§ Action item
Return, with both end lines included, exactly what the data below holds from the line with "Personalized Wind Chimes" through the line with "Kledingkast met lades", though not the pictures.

§ Excerpted records

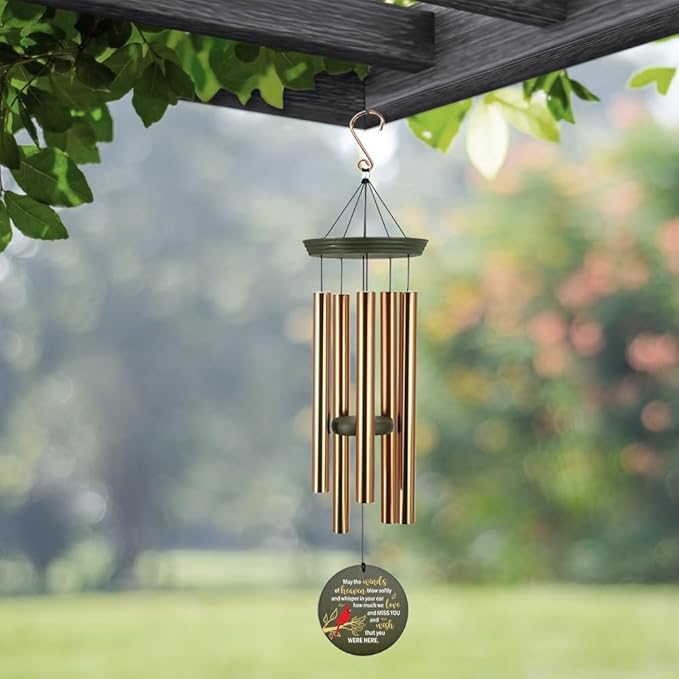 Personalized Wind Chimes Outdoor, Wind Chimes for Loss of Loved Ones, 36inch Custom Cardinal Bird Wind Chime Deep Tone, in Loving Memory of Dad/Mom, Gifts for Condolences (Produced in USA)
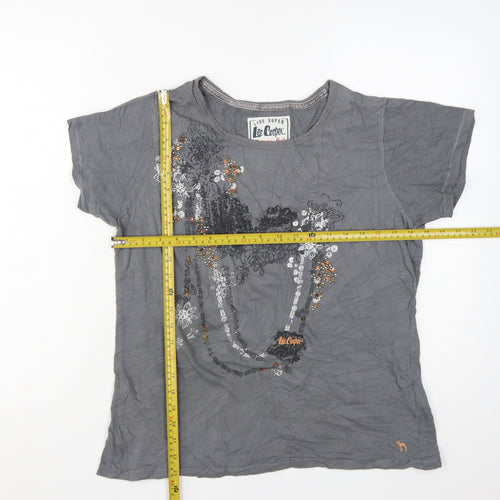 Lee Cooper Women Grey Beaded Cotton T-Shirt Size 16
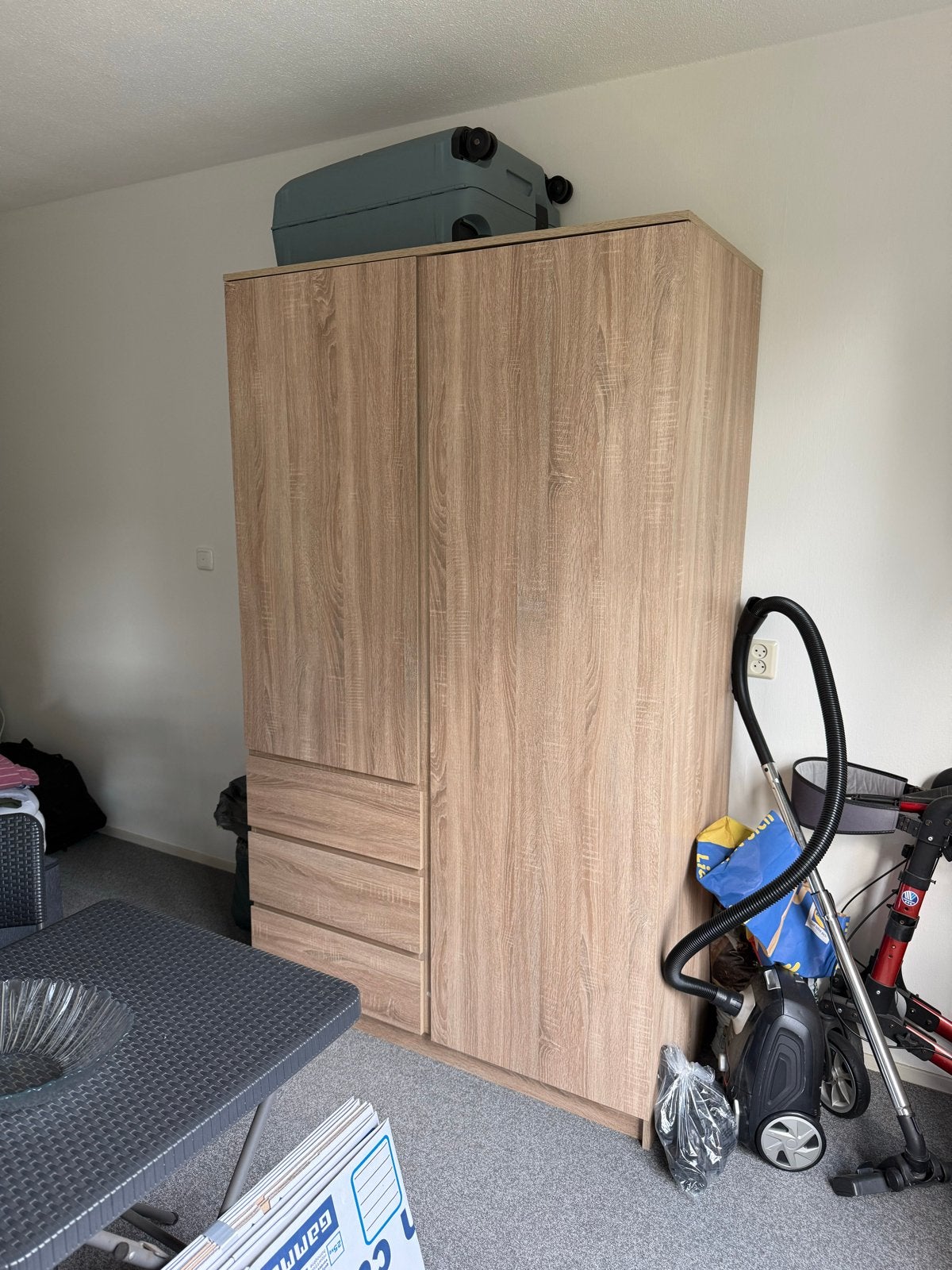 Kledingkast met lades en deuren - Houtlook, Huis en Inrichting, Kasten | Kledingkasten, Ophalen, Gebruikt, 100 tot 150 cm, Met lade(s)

--

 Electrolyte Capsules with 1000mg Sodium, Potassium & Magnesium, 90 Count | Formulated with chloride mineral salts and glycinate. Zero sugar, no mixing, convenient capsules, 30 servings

* * *

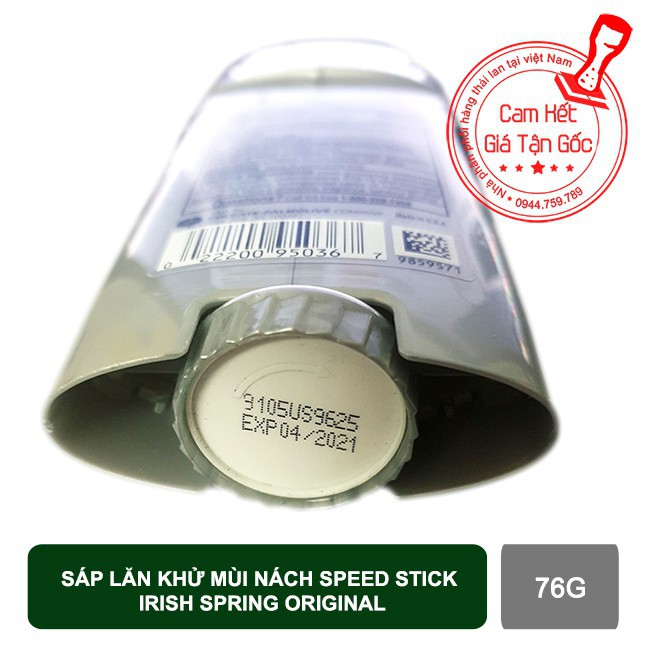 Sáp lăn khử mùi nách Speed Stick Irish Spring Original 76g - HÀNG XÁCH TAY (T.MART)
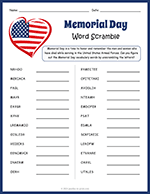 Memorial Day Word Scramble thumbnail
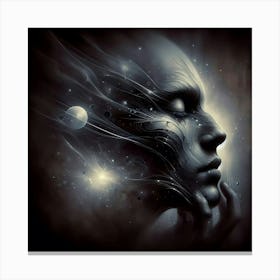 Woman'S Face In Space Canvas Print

§ Your solution
 Personalized Wind Chimes Outdoor, Wind Chimes for Loss of Loved Ones, 36inch Custom Cardinal Bird Wind Chime Deep Tone, in Loving Memory of Dad/Mom, Gifts for Condolences (Produced in USA)
 Lee Cooper Women Grey Beaded Cotton T-Shirt Size 16
 Kledingkast met lades en deuren - Houtlook, Huis en Inrichting, Kasten | Kledingkasten, Ophalen, Gebruikt, 100 tot 150 cm, Met lade(s)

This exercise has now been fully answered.